La generosa accoglienza della Polonia non mitiga lo sconvolgimento personale, le lacune lavorative e i potenziali abusi che devono affrontare le rifugiate ucraine

Fonte EQUALTIMES che ringraziamo

Di Marta Kucharska

“Racconta loro la tua storia. Se ti viene chiesto quali sono le tue debolezze, mettile in una luce positiva. Non aver paura di fare domande!” Durante un webinar organizzato per i rifugiati ucraini da Mamo pracuj (Mamma, lavoro!), una ONG con sede a Cracovia che sostiene le mamme che tornano al mercato del lavoro, una dozzina di donne stanno imparando le basi dei colloqui di lavoro. Quando inizia la sessione di domande e risposte, i partecipanti chiedono informazioni sul riconoscimento dei titoli di studio ucraini in Polonia, sull’accesso alle offerte di lavoro e alle aspettative salariali.

I fondatori di Mamo pracuj hanno lanciato un programma specifico per le donne ucraine in cerca di lavoro in Polonia poco dopo lo scoppio della guerra a febbraio. “Eravamo tutti inorriditi. Ho visto donne con bambini arrivare alla stazione ferroviaria e volevamo fare per loro ciò che già sappiamo fare meglio per le donne polacche, ovvero aiutarle a trovare le loro competenze [nel mercato del lavoro]”, ricorda Marcelina Palka, coordinatrice del progetto per Mamo pracuj.

Grazie a oltre 100 volontari esperti, tra cui reclutatori, responsabili delle risorse umane e career coach, circa 500 rifugiati ucraini vengono aiutati a trovare un lavoro dignitoso in Polonia. L’ambizione di Mamo pracuj è fornire alle donne ucraine un supporto multiforme, dalla consulenza legale all’assistenza psicosociale. Ma l’organizzazione è solo una delle tante iniziative pubbliche e private nate per sostenere l’integrazione dei rifugiati ucraini in Polonia dall’inizio dell’invasione russa il 24 febbraio 2022.

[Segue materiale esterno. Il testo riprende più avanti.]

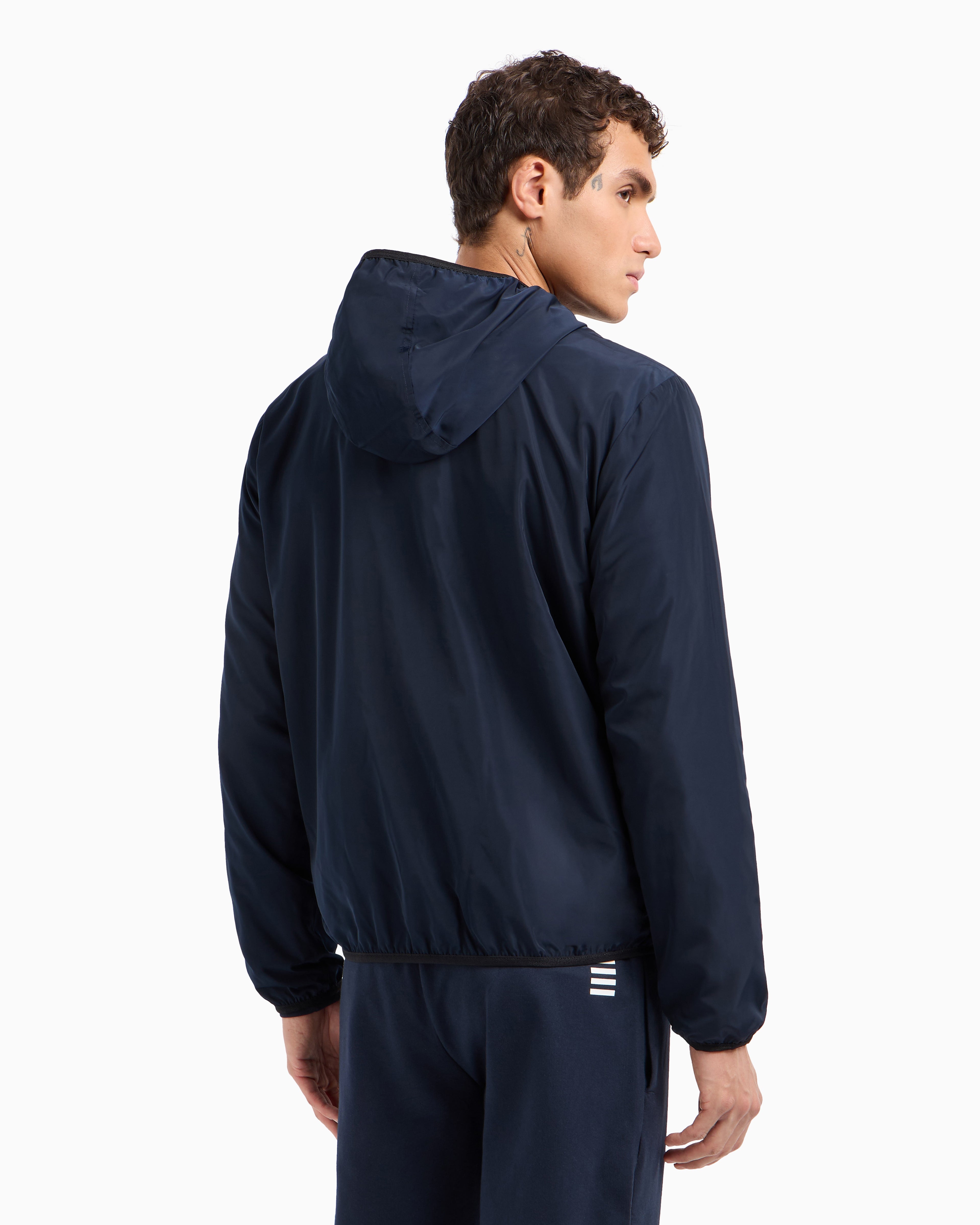 EA7 ASV Core Identity hooded bomber jacket in technical fabric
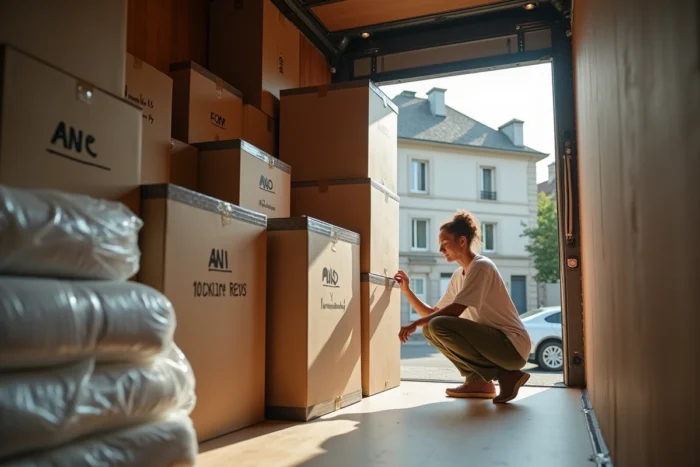 Intérieur d'un camion 10m3 bien organisé avec des cartons empilés et des meubles protégés pour un déménagement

Grazie alla loro vicinanza geografica e alle somiglianze culturali, per quasi un decennio (e in particolare dall’inizio della guerra russo-ucraina nel Donbas nel 2014), gli ucraini hanno costituito il gruppo più numeroso di lavoratori stranieri in Polonia. Sebbene sia difficile ottenere dati accurati, secondo varie fonti, tra 1,5 e 2 milioni di migranti ucraini erano già in Polonia prima della guerra , per lo più svolgendo lavori sottopagati in settori industrializzati come l’edilizia, i trasporti e l’agricoltura. Ma c’è stato un enorme cambiamento demografico.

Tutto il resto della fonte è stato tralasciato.